239,135 views
44 votes
44 votes
Divide the polynomials.
Your answer should be a polynomial.
x² - 36
x − 6

User Eychu
by
3.0k points

2 Answers

9 votes
9 votes

Answer:

x + 6

Explanation:


(x^(2) -36)/(x-6)


((x+6)(x-6))/(x-6)

x + 6

User Yeldar Nurpeissov
by
2.8k points
16 votes
16 votes

Answer:

the answer to the division problem is `1x + 6` (a polynomial).

Explanation:

To divide polynomials, we use the long division method. Here's how we can divide x² - 36 by x - 6:

x² - 36 |

--------

x - 6

First, we divide the leading coefficient of the numerator (which is 1) by the leading coefficient of the denominator (which is 1).

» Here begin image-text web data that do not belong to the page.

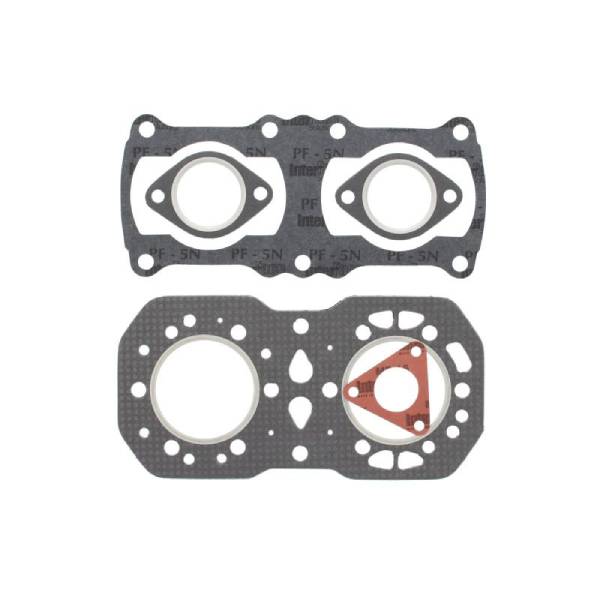 Top End Gasket Set GB-710109B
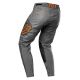 Pantaloni Enduro Legion PTR 2022
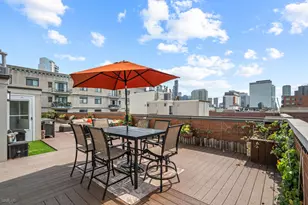 679 N Peoria St, Chicago, IL 60642 - Photo 18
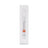 Yotuel Whitening Pen 5 gr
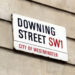Downing-street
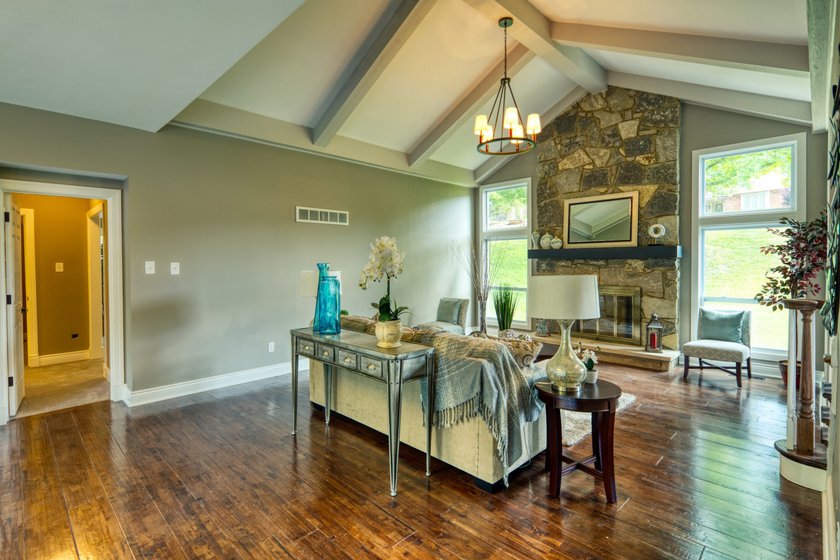 HDR Real Estate Photography | Skylum Blog(4)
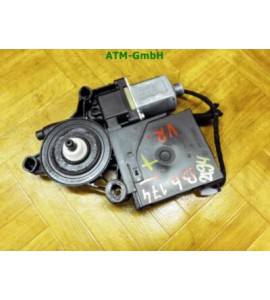 Fensterhebermotor vorne rechts VW Passat B6 Kombi 3C5 Beifahrerseite 0130822451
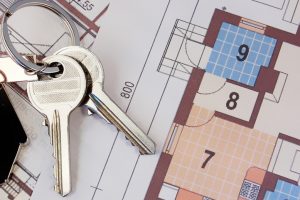 Предприниматели области могут получить офисы и производственные помещения на льготных условиях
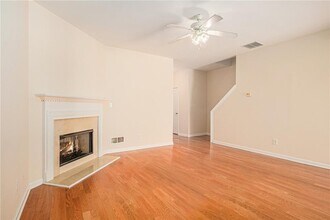 2279 Hawks Bluff Trail NW in Lawrenceville, GA - Building Photo - Building Photo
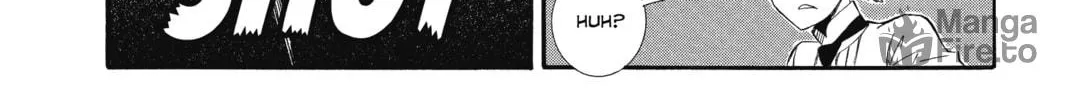 Read D.Gray-man chapter 175 image 19 on Lezhin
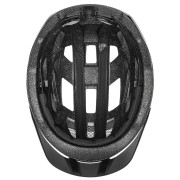 Велошолом Uvex I-Vo 2 Pure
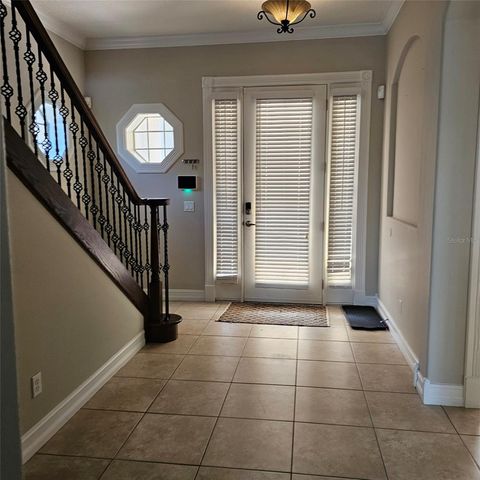 7624 EXCITEMENT DRIVE, Reunion, FL 34747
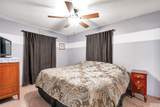 2460 Bennett Ave - Photo 13
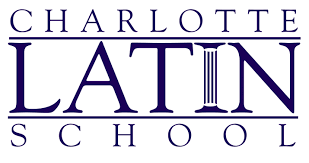 Charlotte Latin School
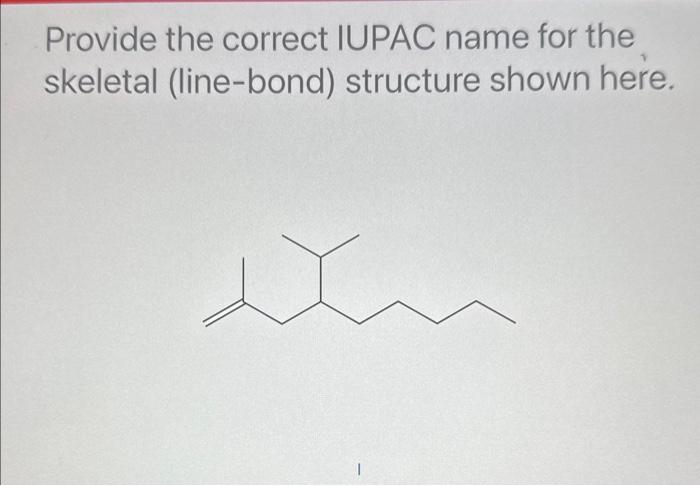 mostly responsible for the melting point and boiling point of an alkene?
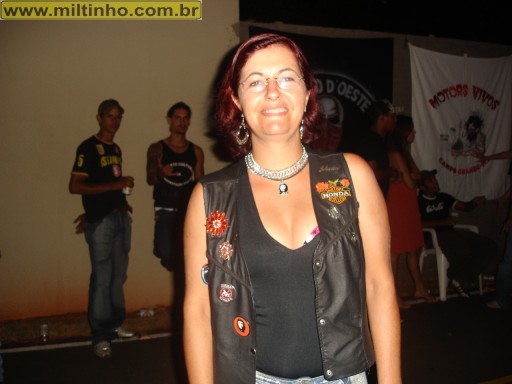 Foto - Pacatos048.JPG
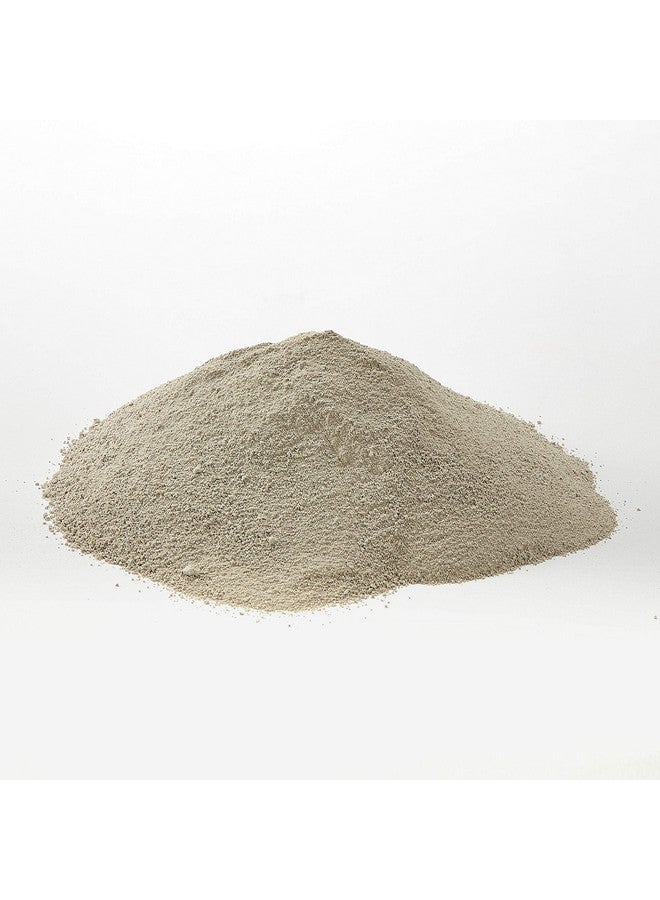 كايتي مسحوق استحمام كايتي كريتر 14 أونصة - Image 4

We get 1 / 1 = 1 as the first coefficient of our quotient.

x² - 36 |

--------

x - 6

1

Then, we multiply the quotient by the denominator and subtract it from the numerator.

We get (1 * (x - 6)) = x - 6, and x² - 36 - (x - 6) = x² - x - 30.

x² - 36 |

--------

x - 6

1

x - 6

----------

x² - x - 30

We repeat the process, dividing the leading coefficient of the new numerator (which is 1) by the leading coefficient of the denominator (which is 1).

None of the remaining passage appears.